*** Opening Supplied information ***

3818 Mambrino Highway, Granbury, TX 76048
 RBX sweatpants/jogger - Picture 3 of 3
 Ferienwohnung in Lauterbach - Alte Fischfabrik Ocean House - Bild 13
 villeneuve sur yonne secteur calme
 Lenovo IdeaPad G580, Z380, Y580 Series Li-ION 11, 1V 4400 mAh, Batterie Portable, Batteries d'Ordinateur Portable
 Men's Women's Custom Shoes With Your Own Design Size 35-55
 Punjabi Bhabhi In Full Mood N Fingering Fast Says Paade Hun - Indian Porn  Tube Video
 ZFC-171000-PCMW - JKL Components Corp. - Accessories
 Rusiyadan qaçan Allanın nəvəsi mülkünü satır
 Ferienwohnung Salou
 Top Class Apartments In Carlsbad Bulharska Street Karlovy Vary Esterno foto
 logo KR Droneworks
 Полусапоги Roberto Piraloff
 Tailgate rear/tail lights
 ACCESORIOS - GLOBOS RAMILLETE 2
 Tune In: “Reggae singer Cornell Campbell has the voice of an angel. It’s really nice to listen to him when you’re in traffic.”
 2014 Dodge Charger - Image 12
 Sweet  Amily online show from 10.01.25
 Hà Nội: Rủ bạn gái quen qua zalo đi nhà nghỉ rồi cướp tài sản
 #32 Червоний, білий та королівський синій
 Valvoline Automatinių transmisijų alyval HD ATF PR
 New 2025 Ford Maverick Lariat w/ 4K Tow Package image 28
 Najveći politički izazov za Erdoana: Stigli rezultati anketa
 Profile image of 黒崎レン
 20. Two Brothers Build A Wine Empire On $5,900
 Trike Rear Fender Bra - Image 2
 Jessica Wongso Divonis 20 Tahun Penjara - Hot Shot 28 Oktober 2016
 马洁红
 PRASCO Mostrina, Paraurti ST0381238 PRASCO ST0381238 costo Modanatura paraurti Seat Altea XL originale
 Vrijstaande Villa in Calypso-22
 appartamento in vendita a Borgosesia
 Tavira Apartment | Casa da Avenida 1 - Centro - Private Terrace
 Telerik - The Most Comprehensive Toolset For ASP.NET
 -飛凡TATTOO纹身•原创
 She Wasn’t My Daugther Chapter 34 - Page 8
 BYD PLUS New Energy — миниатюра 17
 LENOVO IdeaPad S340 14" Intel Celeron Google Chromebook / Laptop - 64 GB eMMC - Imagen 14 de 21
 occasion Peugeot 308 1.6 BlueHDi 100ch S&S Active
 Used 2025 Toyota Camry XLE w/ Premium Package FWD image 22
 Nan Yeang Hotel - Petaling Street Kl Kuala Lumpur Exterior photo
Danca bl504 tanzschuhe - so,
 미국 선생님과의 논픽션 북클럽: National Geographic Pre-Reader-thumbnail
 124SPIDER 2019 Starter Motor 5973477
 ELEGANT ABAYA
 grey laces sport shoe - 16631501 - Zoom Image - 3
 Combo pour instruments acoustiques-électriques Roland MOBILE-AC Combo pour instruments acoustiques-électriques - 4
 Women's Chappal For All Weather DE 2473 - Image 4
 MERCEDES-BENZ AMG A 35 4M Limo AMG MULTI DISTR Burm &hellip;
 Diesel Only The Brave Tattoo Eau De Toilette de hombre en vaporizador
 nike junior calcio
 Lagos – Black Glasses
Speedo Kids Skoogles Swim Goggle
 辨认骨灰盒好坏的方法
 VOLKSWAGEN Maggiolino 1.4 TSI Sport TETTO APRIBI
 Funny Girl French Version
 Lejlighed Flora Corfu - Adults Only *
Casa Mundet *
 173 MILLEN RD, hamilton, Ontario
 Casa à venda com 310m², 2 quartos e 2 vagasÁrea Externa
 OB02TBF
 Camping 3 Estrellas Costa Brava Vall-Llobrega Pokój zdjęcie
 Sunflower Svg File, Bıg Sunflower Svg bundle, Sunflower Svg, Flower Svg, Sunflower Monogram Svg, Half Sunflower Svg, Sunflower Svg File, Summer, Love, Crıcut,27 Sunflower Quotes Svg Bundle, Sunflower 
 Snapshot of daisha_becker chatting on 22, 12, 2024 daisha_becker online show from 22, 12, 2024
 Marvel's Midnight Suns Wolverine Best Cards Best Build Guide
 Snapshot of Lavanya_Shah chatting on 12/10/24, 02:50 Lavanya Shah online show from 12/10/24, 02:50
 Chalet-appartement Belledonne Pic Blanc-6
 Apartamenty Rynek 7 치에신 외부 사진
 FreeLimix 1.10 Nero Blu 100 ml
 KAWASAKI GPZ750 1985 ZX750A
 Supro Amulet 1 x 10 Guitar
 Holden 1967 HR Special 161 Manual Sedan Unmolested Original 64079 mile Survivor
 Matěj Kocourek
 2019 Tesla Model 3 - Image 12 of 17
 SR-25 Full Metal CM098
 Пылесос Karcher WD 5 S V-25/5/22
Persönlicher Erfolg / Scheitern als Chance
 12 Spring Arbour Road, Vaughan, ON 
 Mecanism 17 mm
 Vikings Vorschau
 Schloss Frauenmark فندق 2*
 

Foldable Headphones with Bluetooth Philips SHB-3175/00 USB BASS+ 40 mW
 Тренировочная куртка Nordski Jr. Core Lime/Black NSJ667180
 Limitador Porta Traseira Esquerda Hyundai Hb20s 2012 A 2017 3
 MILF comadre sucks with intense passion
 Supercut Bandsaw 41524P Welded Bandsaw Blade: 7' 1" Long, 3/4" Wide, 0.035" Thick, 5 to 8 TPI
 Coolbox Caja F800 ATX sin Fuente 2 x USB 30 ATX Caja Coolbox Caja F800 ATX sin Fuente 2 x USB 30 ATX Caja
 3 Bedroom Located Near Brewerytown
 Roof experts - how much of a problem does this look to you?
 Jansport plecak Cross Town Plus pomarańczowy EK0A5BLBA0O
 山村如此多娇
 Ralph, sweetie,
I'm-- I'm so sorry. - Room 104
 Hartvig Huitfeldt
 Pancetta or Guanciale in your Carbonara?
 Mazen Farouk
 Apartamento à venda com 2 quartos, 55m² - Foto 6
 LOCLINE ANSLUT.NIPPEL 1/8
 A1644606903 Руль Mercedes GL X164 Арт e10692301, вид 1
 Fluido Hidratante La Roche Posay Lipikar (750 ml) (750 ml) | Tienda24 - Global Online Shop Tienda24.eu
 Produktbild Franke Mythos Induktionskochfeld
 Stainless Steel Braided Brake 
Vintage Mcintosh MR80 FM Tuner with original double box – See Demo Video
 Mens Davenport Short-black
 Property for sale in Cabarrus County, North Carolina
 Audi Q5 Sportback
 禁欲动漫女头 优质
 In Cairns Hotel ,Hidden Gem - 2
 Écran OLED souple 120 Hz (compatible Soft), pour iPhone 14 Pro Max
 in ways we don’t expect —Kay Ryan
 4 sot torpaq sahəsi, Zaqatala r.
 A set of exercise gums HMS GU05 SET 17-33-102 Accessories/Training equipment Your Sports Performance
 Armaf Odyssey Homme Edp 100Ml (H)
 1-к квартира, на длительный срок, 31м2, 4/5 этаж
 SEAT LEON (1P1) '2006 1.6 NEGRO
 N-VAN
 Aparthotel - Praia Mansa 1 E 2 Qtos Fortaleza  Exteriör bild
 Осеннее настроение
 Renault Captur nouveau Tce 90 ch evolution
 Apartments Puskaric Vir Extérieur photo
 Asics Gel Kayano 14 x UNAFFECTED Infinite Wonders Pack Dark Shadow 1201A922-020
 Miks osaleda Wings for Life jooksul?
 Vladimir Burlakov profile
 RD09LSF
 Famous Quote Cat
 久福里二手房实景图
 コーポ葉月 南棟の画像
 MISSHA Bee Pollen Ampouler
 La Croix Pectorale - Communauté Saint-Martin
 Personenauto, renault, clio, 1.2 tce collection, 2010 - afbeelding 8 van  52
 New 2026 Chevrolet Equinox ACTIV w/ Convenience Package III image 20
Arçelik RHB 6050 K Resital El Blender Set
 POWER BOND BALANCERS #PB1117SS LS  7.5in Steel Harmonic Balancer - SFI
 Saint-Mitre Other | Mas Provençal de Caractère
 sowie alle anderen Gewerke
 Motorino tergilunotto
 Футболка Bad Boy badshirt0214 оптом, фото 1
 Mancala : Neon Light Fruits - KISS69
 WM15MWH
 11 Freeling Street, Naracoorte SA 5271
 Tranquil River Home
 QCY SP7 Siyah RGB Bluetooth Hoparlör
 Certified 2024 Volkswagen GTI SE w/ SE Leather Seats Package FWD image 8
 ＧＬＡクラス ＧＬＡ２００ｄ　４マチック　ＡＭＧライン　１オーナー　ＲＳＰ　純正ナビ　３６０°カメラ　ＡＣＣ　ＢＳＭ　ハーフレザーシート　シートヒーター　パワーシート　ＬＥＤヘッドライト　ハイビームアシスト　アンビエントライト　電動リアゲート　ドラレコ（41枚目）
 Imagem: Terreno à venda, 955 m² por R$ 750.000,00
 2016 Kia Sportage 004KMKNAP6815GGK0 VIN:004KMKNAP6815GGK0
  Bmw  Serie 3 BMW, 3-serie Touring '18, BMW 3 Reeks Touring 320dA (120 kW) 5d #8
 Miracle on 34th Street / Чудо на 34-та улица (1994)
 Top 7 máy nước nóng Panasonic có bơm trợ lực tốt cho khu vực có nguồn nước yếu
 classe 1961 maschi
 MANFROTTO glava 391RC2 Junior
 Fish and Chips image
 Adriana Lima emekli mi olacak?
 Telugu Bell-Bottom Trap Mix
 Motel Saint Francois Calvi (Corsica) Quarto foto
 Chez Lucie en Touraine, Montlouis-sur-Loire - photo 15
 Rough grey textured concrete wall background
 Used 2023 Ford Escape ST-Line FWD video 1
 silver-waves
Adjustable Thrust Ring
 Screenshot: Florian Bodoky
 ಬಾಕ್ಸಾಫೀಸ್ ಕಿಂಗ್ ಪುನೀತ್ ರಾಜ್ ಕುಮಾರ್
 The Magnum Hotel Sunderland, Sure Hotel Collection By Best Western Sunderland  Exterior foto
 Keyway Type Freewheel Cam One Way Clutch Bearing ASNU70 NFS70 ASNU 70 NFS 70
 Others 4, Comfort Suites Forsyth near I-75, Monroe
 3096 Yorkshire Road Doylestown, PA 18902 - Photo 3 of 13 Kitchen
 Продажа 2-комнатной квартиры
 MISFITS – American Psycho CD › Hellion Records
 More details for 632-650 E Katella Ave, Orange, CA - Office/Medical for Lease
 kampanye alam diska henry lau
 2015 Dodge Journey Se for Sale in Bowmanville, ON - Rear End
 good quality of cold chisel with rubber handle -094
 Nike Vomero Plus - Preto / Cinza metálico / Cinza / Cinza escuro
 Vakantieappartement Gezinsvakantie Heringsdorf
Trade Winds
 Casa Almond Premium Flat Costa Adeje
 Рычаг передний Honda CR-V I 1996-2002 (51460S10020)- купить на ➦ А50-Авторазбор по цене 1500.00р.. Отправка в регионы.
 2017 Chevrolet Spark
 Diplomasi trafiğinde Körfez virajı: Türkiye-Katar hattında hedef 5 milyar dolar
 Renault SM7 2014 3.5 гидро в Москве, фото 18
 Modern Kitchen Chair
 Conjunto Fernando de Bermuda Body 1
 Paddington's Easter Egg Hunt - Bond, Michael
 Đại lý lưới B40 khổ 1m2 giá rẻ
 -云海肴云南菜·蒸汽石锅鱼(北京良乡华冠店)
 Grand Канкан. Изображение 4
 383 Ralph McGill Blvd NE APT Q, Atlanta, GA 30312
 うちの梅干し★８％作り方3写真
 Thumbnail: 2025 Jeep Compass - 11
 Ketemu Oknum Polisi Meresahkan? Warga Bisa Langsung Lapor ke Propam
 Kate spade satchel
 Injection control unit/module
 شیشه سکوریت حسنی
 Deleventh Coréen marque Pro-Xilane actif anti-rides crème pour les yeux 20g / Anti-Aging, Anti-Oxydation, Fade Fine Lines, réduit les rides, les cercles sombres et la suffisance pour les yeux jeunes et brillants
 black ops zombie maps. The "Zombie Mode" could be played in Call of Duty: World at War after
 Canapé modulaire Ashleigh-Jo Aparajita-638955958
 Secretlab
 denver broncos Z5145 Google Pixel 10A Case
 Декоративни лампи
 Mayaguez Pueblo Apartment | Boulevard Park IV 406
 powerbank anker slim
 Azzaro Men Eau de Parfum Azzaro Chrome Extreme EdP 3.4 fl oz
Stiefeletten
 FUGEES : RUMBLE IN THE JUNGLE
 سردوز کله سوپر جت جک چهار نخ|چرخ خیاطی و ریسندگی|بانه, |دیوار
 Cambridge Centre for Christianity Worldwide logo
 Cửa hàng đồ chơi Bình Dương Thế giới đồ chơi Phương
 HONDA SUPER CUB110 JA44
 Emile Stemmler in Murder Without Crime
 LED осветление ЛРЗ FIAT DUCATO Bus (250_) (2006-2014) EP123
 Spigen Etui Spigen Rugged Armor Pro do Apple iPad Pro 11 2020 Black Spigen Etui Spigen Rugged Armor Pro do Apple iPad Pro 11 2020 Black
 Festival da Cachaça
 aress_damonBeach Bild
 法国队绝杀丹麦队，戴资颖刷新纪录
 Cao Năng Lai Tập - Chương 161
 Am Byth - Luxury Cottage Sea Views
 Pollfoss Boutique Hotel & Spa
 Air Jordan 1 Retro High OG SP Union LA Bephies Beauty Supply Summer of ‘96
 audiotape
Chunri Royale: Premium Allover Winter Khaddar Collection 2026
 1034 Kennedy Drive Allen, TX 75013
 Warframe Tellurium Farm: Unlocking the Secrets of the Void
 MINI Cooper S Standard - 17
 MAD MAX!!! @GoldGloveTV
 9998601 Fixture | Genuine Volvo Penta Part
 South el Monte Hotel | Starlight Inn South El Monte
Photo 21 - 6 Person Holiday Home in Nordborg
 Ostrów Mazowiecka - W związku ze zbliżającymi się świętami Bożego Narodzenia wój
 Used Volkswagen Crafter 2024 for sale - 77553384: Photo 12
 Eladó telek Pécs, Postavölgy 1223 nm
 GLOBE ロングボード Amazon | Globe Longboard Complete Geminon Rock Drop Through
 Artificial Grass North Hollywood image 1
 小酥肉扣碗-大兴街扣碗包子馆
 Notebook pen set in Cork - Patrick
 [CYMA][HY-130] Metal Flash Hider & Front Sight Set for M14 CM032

*** Closing Supplied information ***

◆ **Task requirements**
Quote exactly the stretch of lines above that starts at the first one and ends at the line with "Punjabi Bhabhi In", and nothing beyond it.

◆ **Result below**
3818 Mambrino Highway, Granbury, TX 76048
 RBX sweatpants/jogger - Picture 3 of 3
 Ferienwohnung in Lauterbach - Alte Fischfabrik Ocean House - Bild 13
 villeneuve sur yonne secteur calme
 Lenovo IdeaPad G580, Z380, Y580 Series Li-ION 11, 1V 4400 mAh, Batterie Portable, Batteries d'Ordinateur Portable
 Men's Women's Custom Shoes With Your Own Design Size 35-55
 Punjabi Bhabhi In Full Mood N Fingering Fast Says Paade Hun - Indian Porn  Tube Video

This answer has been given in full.